In 1988, he emerged as prominent opposition leader and was imprisoned between 29 July and 25 August 1988. However, he remained a supporter of Ne Win and the army. Just before the army staged its coup on 18 September 1988, he told a crowd that he guaranteed that the army would not stage a coup and the interim government will be formed very soon: "I will kill myself, [if the army staged a coup]". After the coup, Aung Gyi told people who came to listen his speech that they "must not think bad (or 'sin' against) the army even in your minds".

== Founding the NLD ==
The National League for Democracy was formed on 27 September 1988, with Aung Gyi as president, former General Thura Tin Oo as vice president and Aung San Suu Kyi as general secretary. He resigned on 3 December 1988 from the National League for Democracy (NLD), alleging communist infiltration, to form the Union National Democracy Party (UNDP) on 16 December 1988. Only one candidate from the UNDP was elected in the May 1990 Myanmar general elections. At those elections, there were 485 constituencies. The NLD fielded 447 candidates, and 392 were elected.

In 1993 Aung Gyi was sentenced to six months imprisonment for not paying a bill for eggs.

In 1998 he visited the United States and recorded an extensive interview with Radio Free Asia. When asked about the army, he said: "People despise the Tatmadaw. This is a bad sign. The people of Burma have lost faith in the Tatmadaw." While he acknowledged the corruption and nepotism of the top junta leaders, he considered that democracy leader Aung San Suu Kyi was surrounded by communists, the same accusations made by the junta. He blamed the NLD for boycotting the National Convention established to draft a new constitution. He said, "I want U Ne Win to contribute something before he dies, because he knows what is right and wrong". He stated that Ne Win was still influential and had ordered the State Peace and Development Council (SPDC) to change the name of the government and reshape the cabinet in 1997.

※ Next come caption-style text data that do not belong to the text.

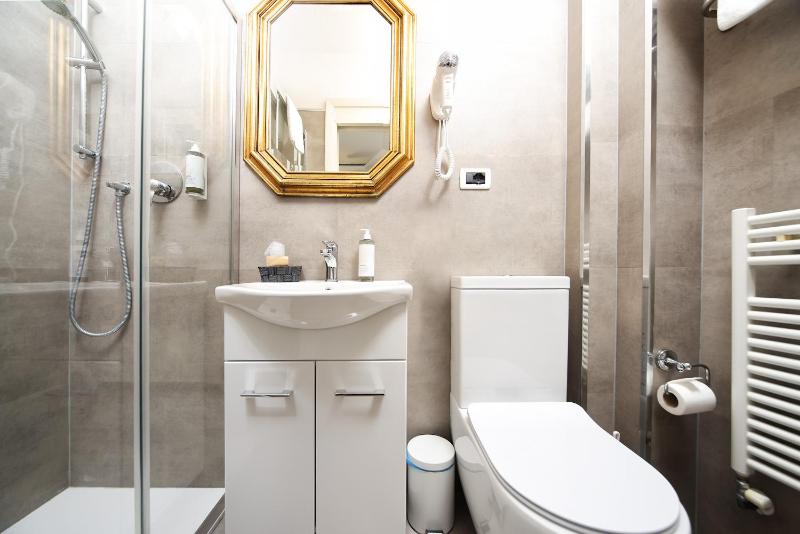 Economy Double Room image 4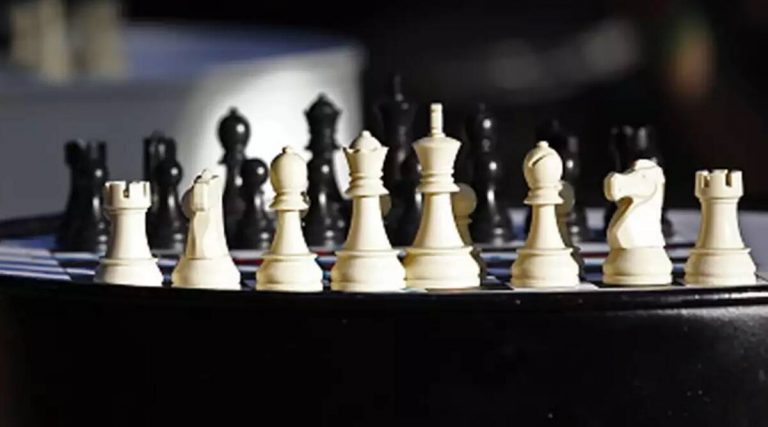 World Chess Championship: If Magnus takes the lead in crucial fourth game it could get one-sided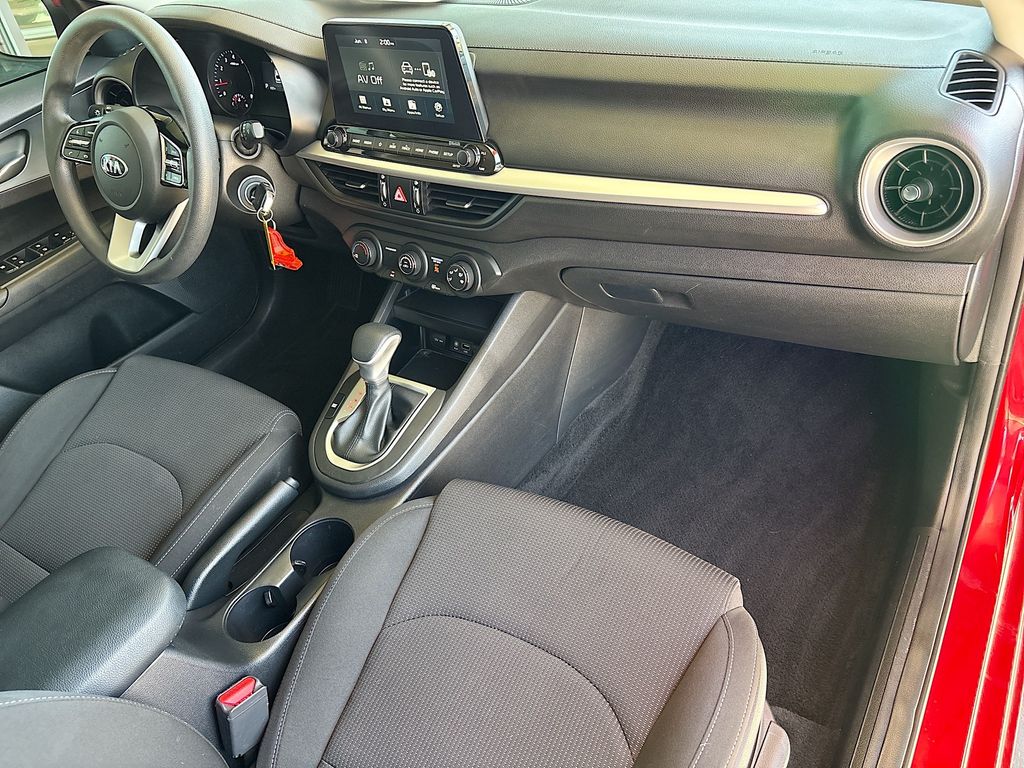 Thumbnail: 2021 Kia Forte - 17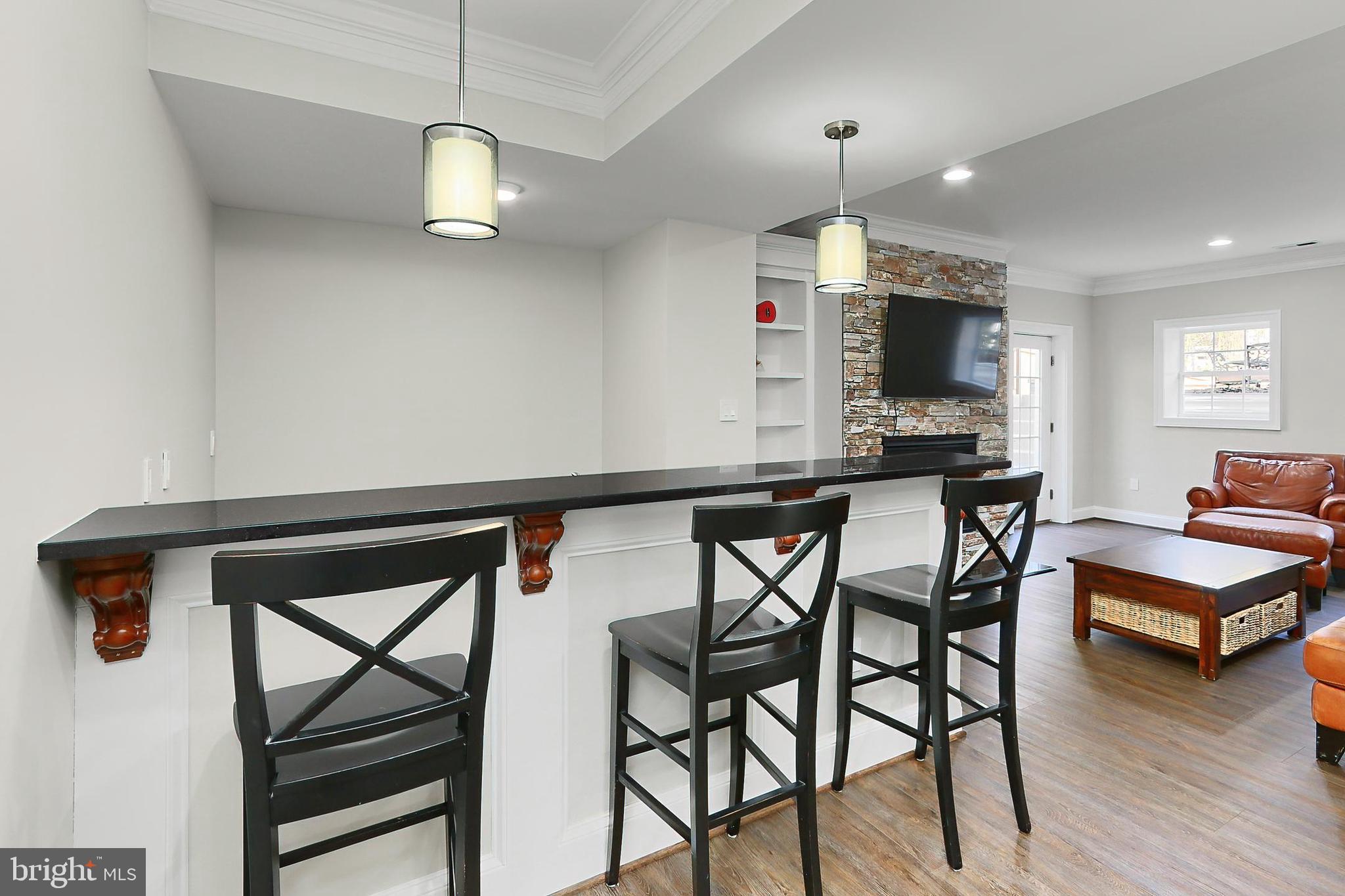 VIENNA WOODS - Residential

Aung Gyi was among the few who attended the funeral of Ne Win in 2002 who spoke fondly of Ne Win's achievements in helping bring independence to Myanmar in 1948, but he also stated that "Ne Win betrayed Burma and Ne Win betrayed the country. He committed rape of democracy in Burma by staging a coup. He died an inglorious death. It was a sad and tragic ending".

==Death==
On 25 October 2012, Aung Gyi died at his home in Mayangone Township, Yangon, Myanmar, because of heart failure. He is survived by his wife Mu Mu Thein, four children and five grandchildren.